YOUR GOAL:
Retype word for word the line containing "Gardening is My Therapy T‑Shirt" and each line that follows it in the records below, through the last one, with no pictures.

---

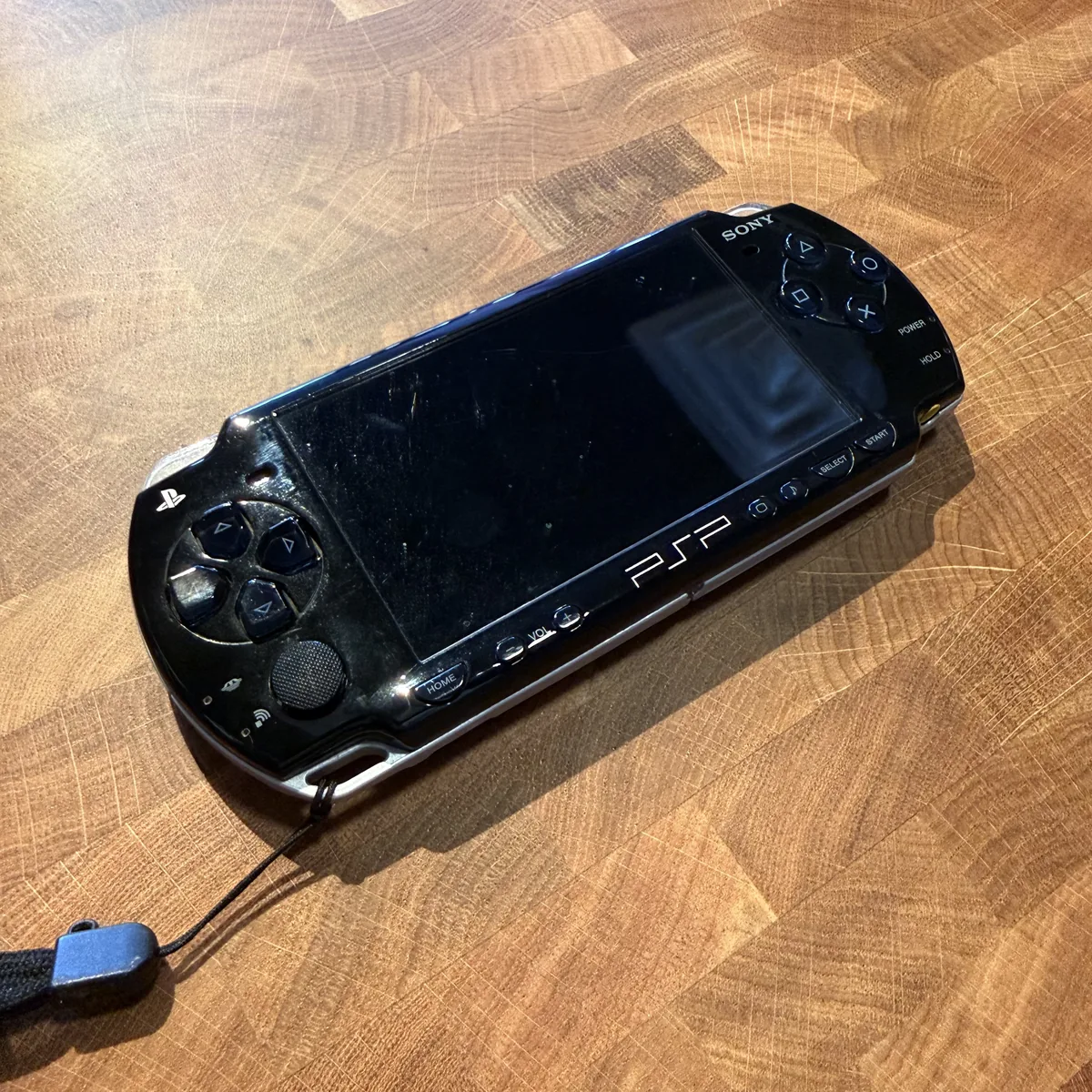 Sony PSP-1000 (Black) - PSP - Loose - NOSTOS Duluth GA
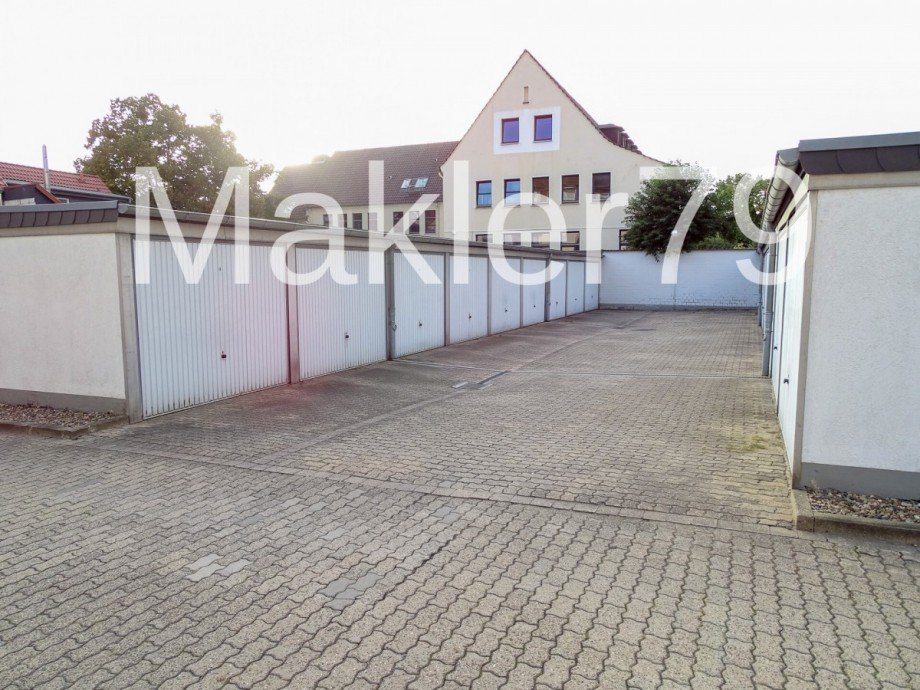 Garagenhof Etagenwohnung Helmstedt
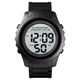 Наручные электронные часы Skmei 1625 Black Черные - изображение 1
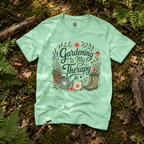 Gardening is My Therapy T‑Shirt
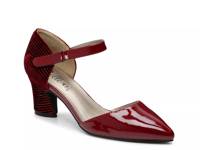Lite Pump Dark Red view
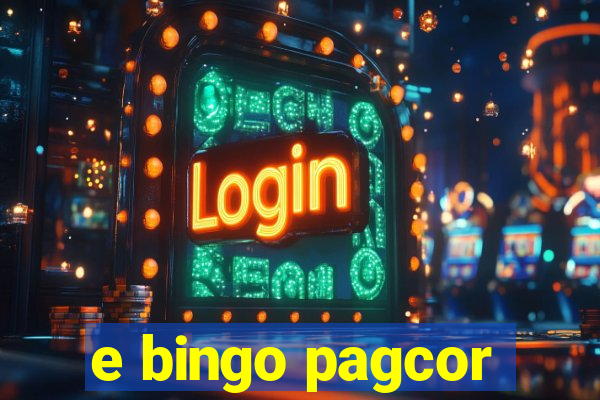 e bingo pagcor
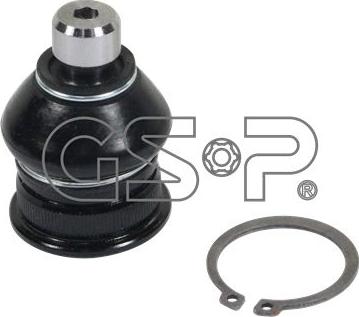 MDR GSP-S080581 - Шаровая опора, несущий / направляющий шарнир autospares.lv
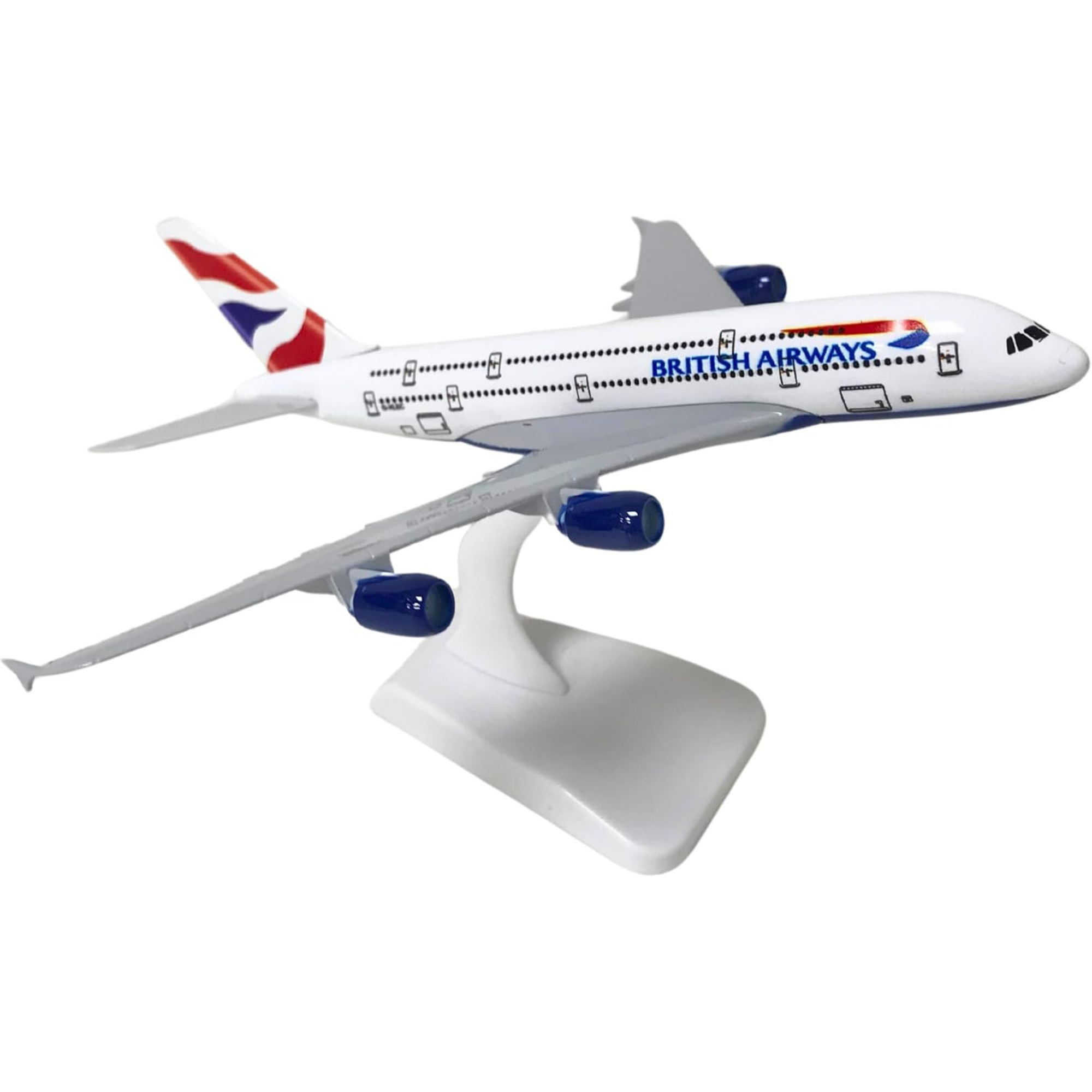 Authentic R & M Concorde Model Mini Jet Replica with Stand | Aviation Gift for A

---

TASK RESPONSE:
 Gardening is My Therapy T‑Shirt
Lite Pump Dark Red view
 e bingo pagcor
 MDR GSP-S080581 - Шаровая опора, несущий / направляющий шарнир autospares.lv
 Authentic R & M Concorde Model Mini Jet Replica with Stand | Aviation Gift for A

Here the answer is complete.